User67 1 1 1 0 0 0 0%
計算百分比:
用戶 1為 100%,因為所有強制都計數為 1
User2為 66.66%,因為兩個可選的計數為 0,然后Total Number of ons's/Total Keywords*100 (4/6)100
User3為 0%,因為在 3 個中強制一個的計數為零,直接將百分比設定為 0%,而與可選關鍵字計數無關
關鍵字行和候選人名稱列不斷變化,將來可能會有更多關鍵字和候選人名稱。如何實作期望輸出。
我的代碼:
import numpy as np
import pandas as pd
read_csv = pd.read_csv('Sample.csv')
df = pd.DataFrame(read_csv)
df["Count"] = np.where(df["Count"] > 0, 1, 0)
print(df)
df = df.pivot_table(index="Candidate Name", columns=["optional/mandatory","Keyword"], values="Count")
print(df)
輸出1:
Candidate Name optional/mandatory Keyword Count
User1 optional devops 1
User1 mandatory aws 0
User1 mandatory ec2 1
User1 optional python 1
User1 optional java 1
User1 mandatory dotnet 0
User2 optional devops 1
User2 mandatory aws 1
User2 mandatory ec2 0
User3 optional devops 1
User3 mandatory ec2 1
User3 mandatory aws 0
User3 optional java 1
optional/mandatory mandatory optional
Keyword aws dotnet ec2 devops java python
Candidate Name
User1 0.0 0.0 1.0 1.0 1.0 1.0
User2 1.0 NaN 0.0 1.0 NaN NaN
User3 0.0 NaN 1.0 1.0 1.0 NaN
通過嘗試獲得所需的輸出:
import pandas as pd
cols = pd.MultiIndex.from_arrays([
['optional', 'mandatory', 'mandatory', 'mandatory', 'optional', 'optional'],
['devops', 'aws', 'ec2', 'dotnet', 'python', 'java']
])
data = [
['User 1', 1,1,1,1,1,1],
['User 2',1,0,0,1,1,1],
# ...,
['User N',0,1,1,1,0,0]
]
df = pd.DataFrame(
columns=cols,
data=[applicant[1:] for applicant in data],
index=pd.Index([applicant[0] for applicant in data], name='Candidate Name')
)
df.sort_index(axis='columns', inplace=True)
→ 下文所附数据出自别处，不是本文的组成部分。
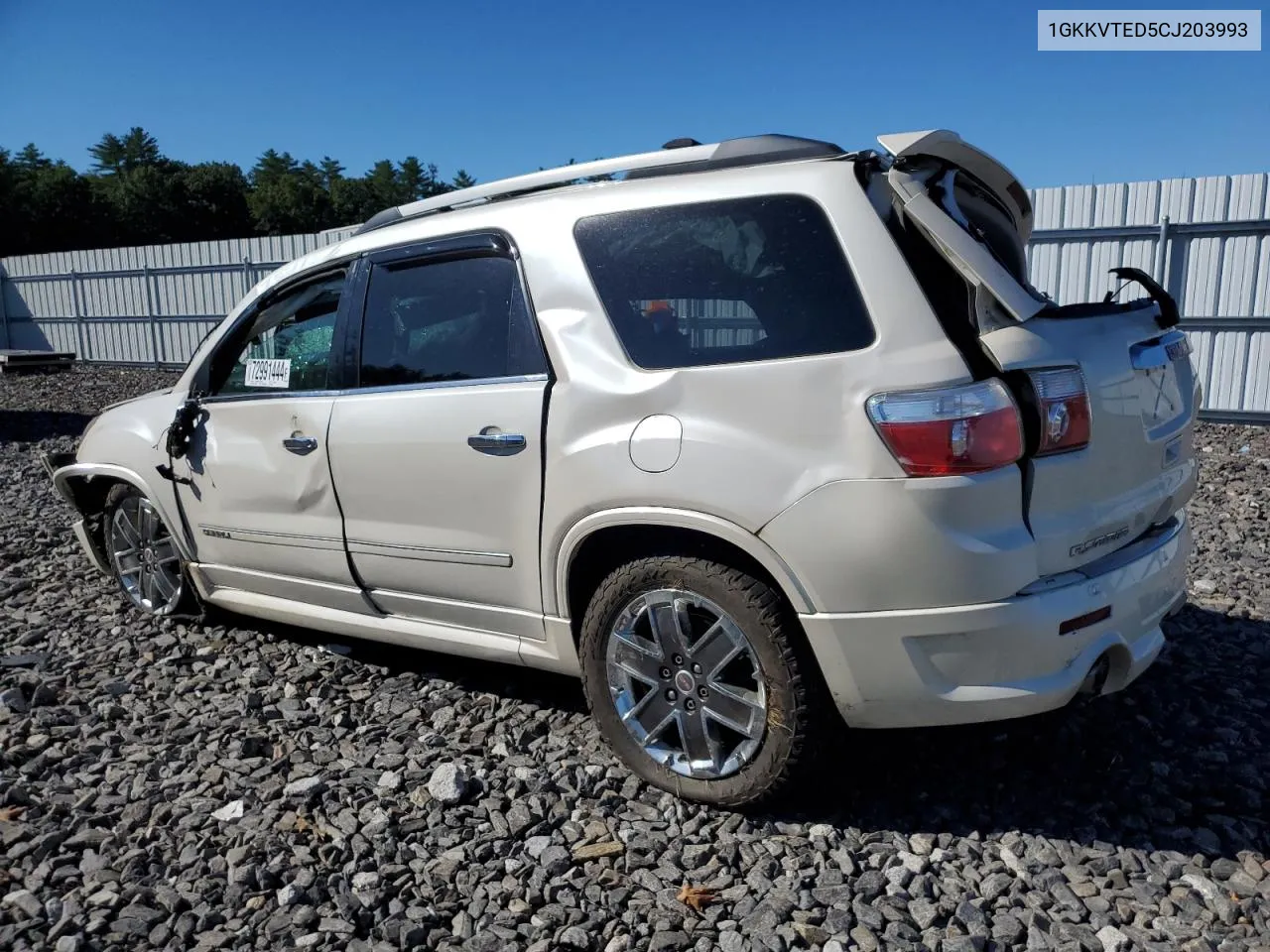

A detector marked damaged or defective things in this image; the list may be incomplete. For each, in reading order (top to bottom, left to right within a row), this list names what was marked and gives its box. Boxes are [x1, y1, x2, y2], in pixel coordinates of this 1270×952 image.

shattered side window [576, 195, 873, 370]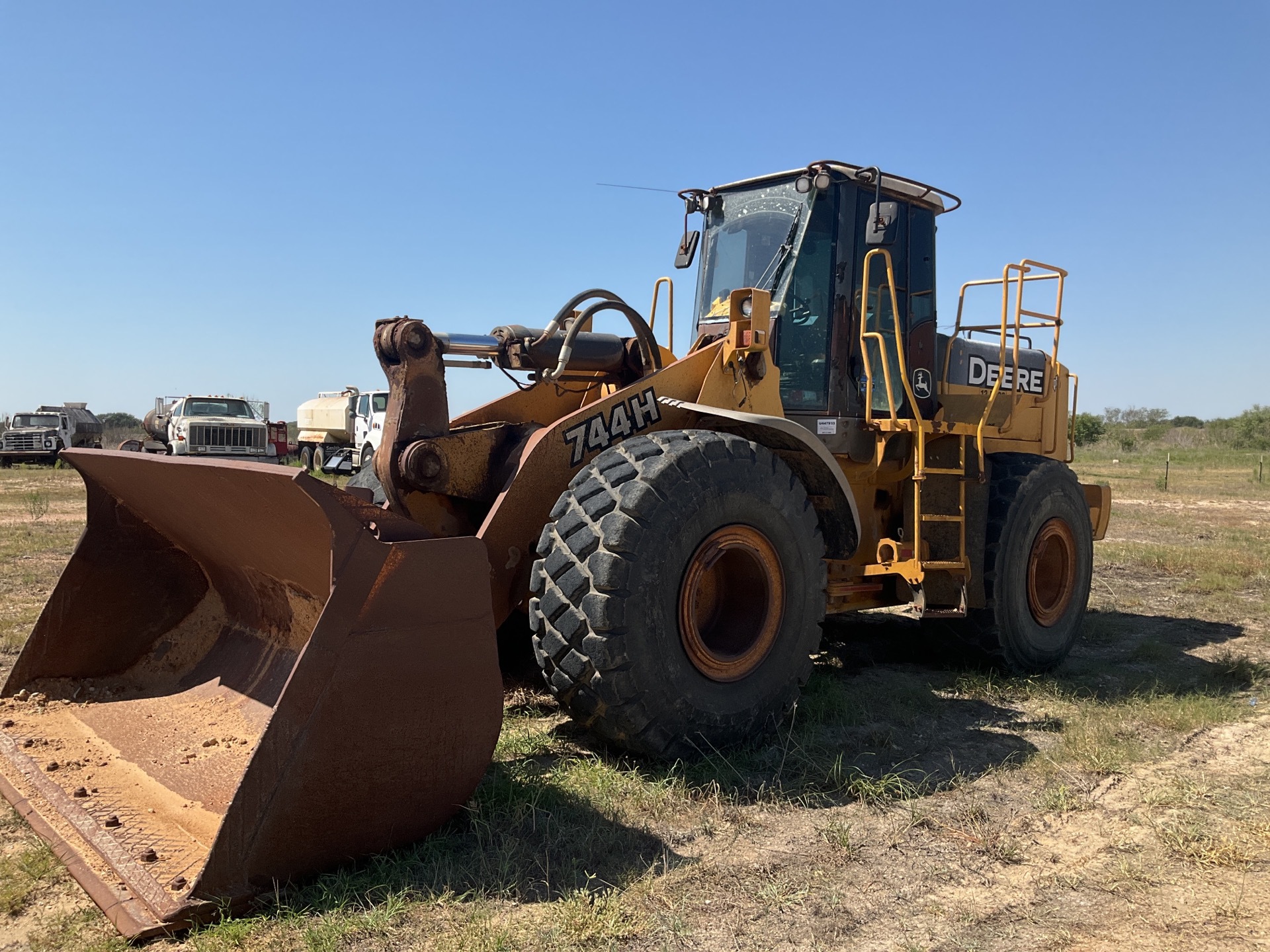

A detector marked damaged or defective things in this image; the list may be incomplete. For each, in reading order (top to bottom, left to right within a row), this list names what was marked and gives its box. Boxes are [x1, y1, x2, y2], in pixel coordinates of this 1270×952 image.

And then, we can use apply to run a function against each of the rows:
def calculate_skill_coverage_percent(r):
if sum(r['mandatory']) < len(r['mandatory']):
return 0
else:
return sum(r) / len(r)
df['Percent_Match'] = df.apply(calculate_skill_coverage_percent, axis='columns')
print(df)
輸出:
mandatory optional Percent_Match
aws dotnet ec2 devops java python
Candidate Name
User 1 1 1 1 1 1 1 1.0
User 2 0 1 0 1 1 1 0.0
...
User N 1 1 1 0 0 0 0.5
我有點困惑,因為我在pd.MultiIndex.from_arrays和data中有硬編碼值。如何使用Output1中的上述 Dataframe或任何其他建議來獲取這些值
cols = pd.MultiIndex.from_arrays([
['optional', 'mandatory', 'mandatory', 'mandatory', 'optional', 'optional'],
['devops', 'aws', 'ec2', 'dotnet', 'python', 'java']
])
data = [
['User 1', 1,1,1,1,1,1],
['User 2',1,0,0,1,1,1],
# ...,
['User N',0,1,1,1,0,0]
]
uj5u.com熱心網友回復:
而是由所有行calculate_skill_coverage_percent使用-如果平均值不太像,則它mean是總和除以長度與集合:0mandatory1Series.mask
s = df.xs('mandatory', level=0, axis=1).mean(axis=1)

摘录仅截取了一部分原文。